» Problem details
From the first line to the last, please reproduce the material exactly, skipping the pictures.
BEGIN Provided material
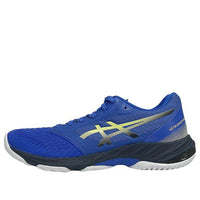 ASICS Netburner Ballistic FF 3 'Illusion Blue Glow Yellow' 1051A073-403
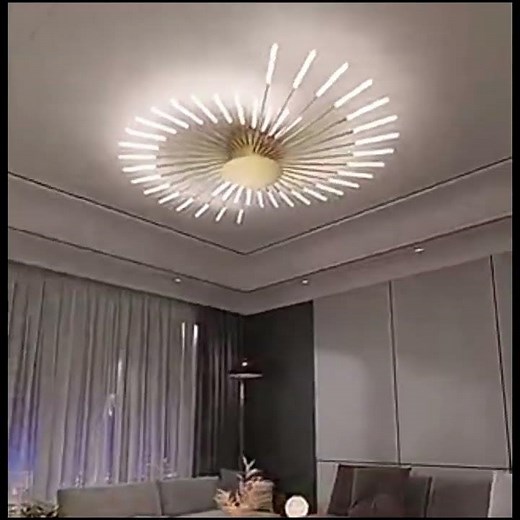 Plafonnier Design Salon | Lustria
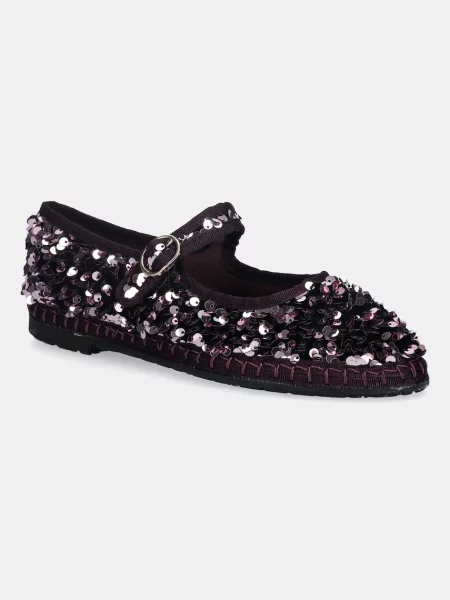 Pantofi Flabelus violet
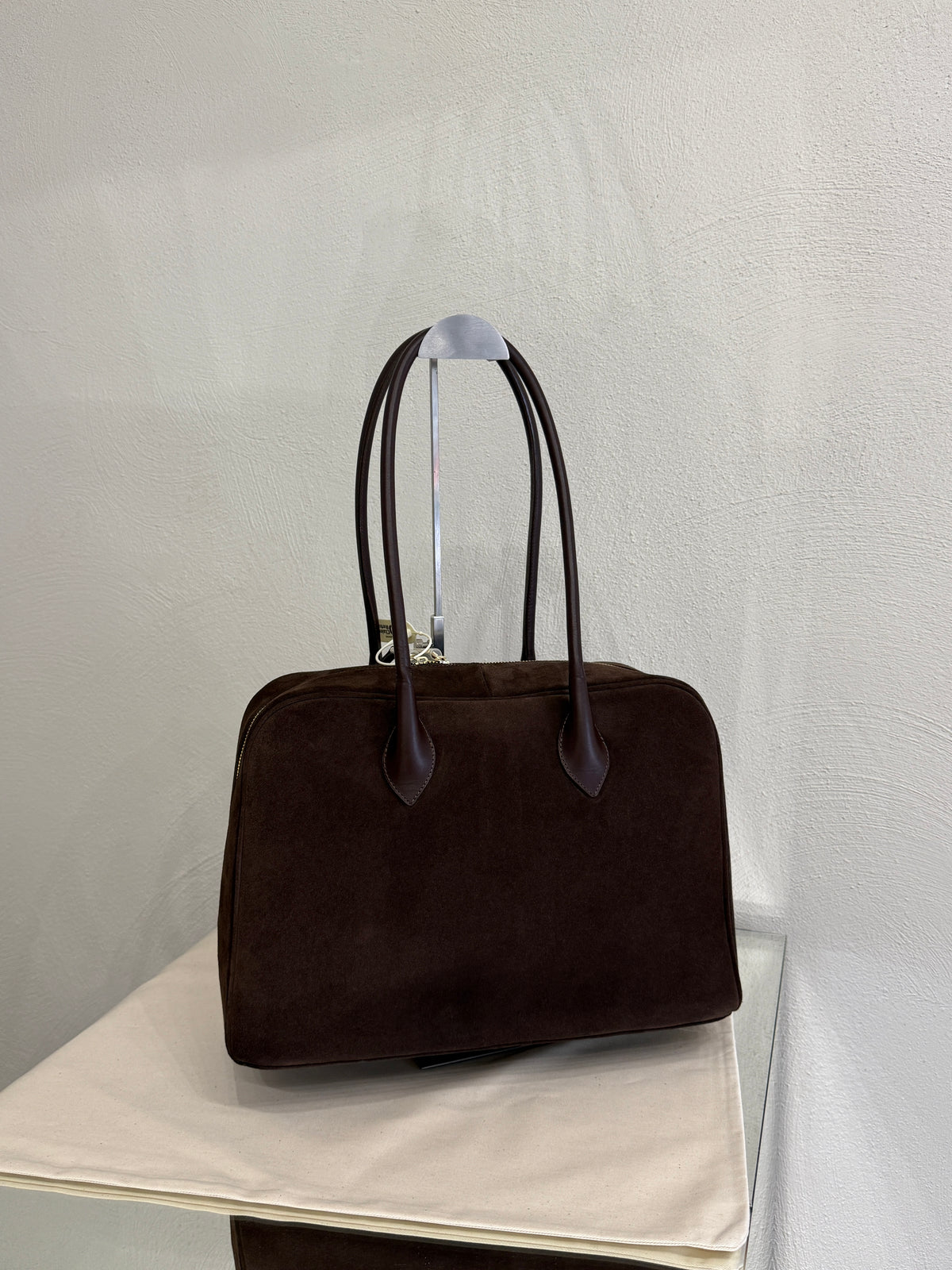 Siera Chcolate Suede Sample Sale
END Provided material
» Output of the exercise
 ASICS Netburner Ballistic FF 3 'Illusion Blue Glow Yellow' 1051A073-403
 Plafonnier Design Salon | Lustria
 Pantofi Flabelus violet
 Siera Chcolate Suede Sample Sale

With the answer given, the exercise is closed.